Task to carry out> Your response must be made up of each line in the data below that contains the string "Roof".

+++++

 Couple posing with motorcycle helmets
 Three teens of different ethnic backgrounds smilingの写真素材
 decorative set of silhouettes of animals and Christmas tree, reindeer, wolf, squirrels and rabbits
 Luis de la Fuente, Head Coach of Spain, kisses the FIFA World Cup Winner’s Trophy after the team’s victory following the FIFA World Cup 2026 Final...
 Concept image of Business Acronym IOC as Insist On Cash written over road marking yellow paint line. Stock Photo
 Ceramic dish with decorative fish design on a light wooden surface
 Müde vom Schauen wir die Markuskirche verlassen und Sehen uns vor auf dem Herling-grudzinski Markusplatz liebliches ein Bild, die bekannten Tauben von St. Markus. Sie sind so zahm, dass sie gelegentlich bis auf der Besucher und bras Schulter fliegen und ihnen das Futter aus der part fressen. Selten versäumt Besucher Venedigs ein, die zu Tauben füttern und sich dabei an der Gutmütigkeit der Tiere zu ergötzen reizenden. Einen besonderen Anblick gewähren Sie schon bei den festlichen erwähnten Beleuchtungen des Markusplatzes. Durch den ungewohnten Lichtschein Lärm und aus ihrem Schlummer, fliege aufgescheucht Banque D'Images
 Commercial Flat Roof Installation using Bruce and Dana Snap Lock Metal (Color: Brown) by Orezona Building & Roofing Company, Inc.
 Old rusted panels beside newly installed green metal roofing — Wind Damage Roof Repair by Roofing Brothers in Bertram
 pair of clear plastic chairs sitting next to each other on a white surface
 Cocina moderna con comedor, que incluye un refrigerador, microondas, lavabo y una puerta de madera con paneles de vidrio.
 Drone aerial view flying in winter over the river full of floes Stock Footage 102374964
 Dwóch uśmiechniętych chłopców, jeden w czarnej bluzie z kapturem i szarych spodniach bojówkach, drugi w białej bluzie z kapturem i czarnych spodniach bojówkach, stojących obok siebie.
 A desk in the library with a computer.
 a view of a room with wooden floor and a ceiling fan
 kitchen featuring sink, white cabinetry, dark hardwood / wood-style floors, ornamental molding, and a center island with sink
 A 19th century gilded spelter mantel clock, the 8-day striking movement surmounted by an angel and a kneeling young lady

+++++

Answer to the problem>
 Commercial Flat Roof Installation using Bruce and Dana Snap Lock Metal (Color: Brown) by Orezona Building & Roofing Company, Inc.
 Old rusted panels beside newly installed green metal roofing — Wind Damage Roof Repair by Roofing Brothers in Bertram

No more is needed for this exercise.